Look in the data below for the line that has "Tak wygląda nowy", then print exactly every line from there through the line that has "Lodge Eden &", leaving pictures out.

**Task input:**
= = =

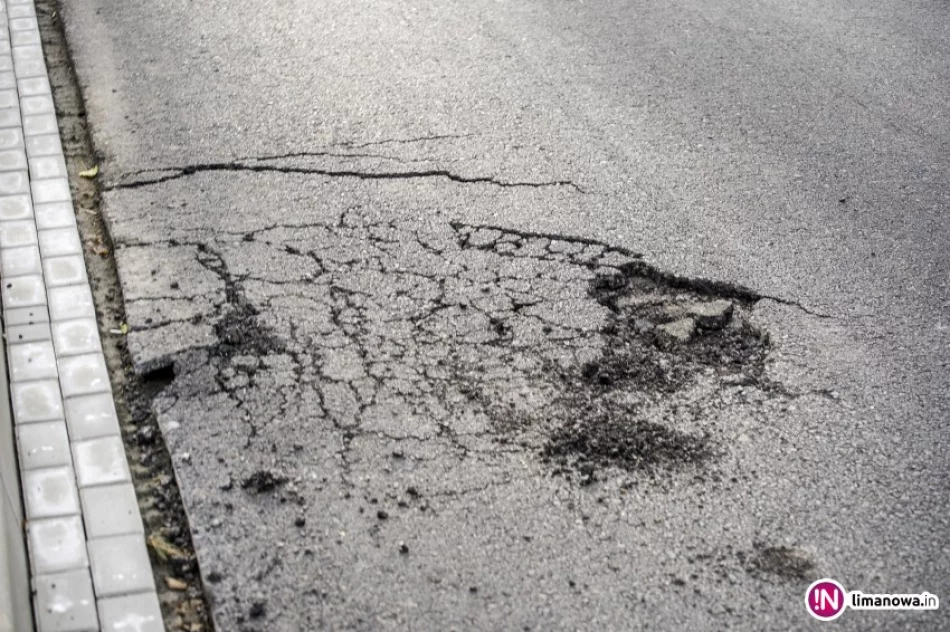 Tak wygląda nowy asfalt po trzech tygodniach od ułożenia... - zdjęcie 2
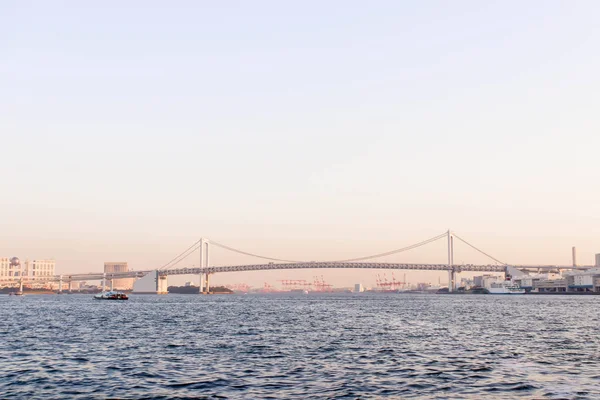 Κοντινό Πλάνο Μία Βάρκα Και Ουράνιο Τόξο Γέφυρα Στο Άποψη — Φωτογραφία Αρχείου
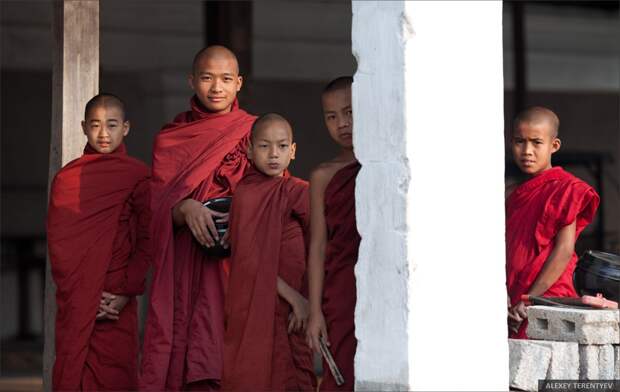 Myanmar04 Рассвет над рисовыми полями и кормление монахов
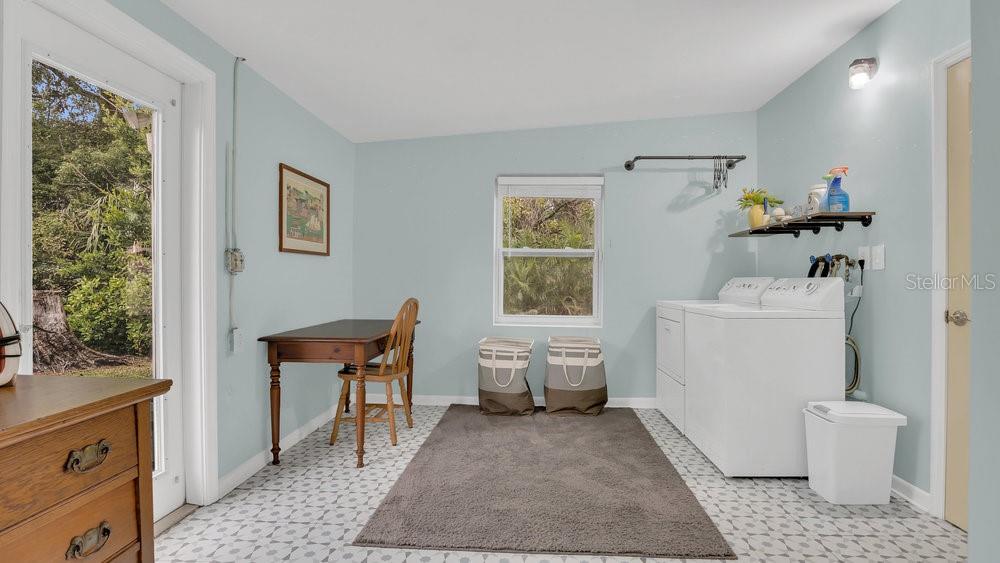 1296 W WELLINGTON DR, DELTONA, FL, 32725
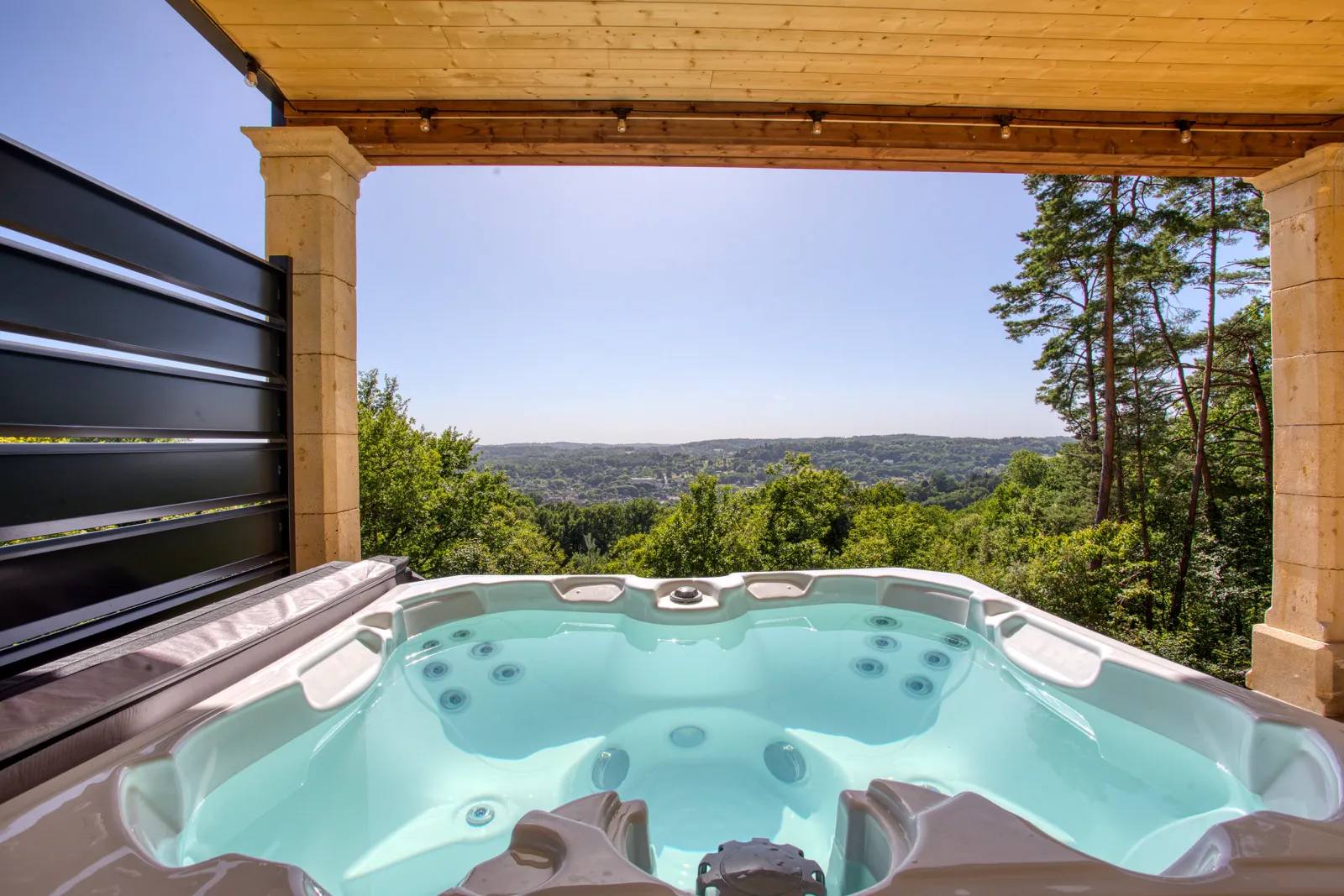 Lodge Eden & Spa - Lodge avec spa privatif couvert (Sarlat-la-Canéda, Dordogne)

= = =

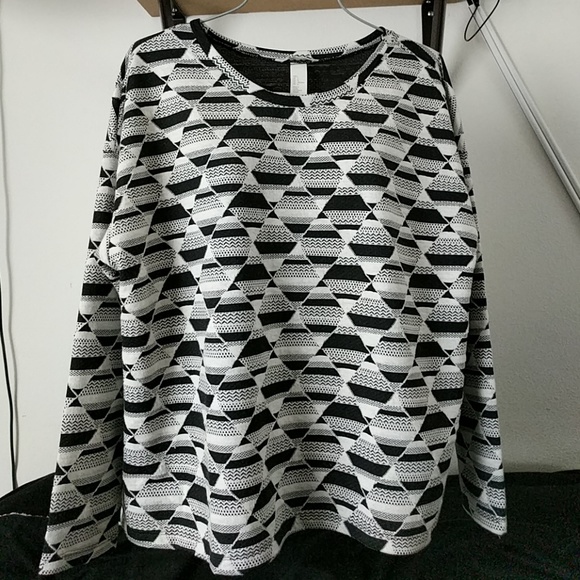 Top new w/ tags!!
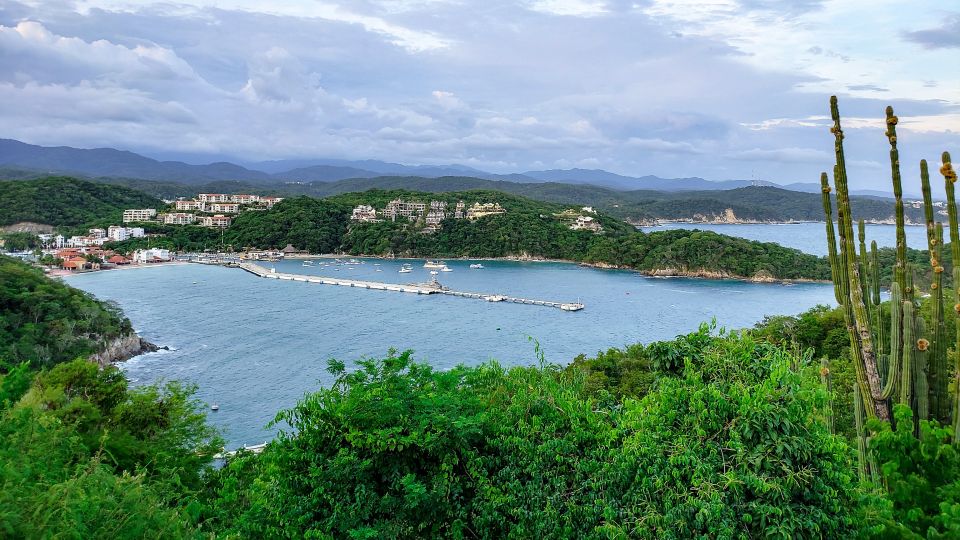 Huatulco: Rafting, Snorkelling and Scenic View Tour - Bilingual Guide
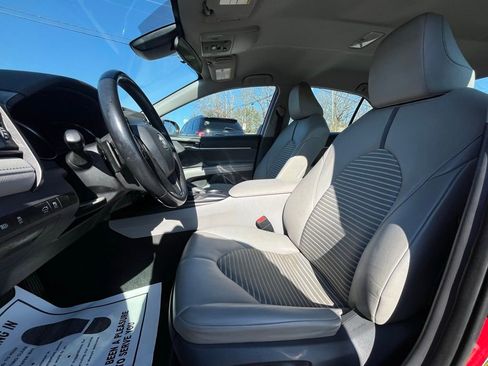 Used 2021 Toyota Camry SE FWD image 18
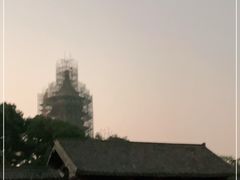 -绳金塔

= = =

**Written answer:**
 Tak wygląda nowy asfalt po trzech tygodniach od ułożenia... - zdjęcie 2
 Κοντινό Πλάνο Μία Βάρκα Και Ουράνιο Τόξο Γέφυρα Στο Άποψη — Φωτογραφία Αρχείου
 Myanmar04 Рассвет над рисовыми полями и кормление монахов
 1296 W WELLINGTON DR, DELTONA, FL, 32725
 Lodge Eden & Spa - Lodge avec spa privatif couvert (Sarlat-la-Canéda, Dordogne)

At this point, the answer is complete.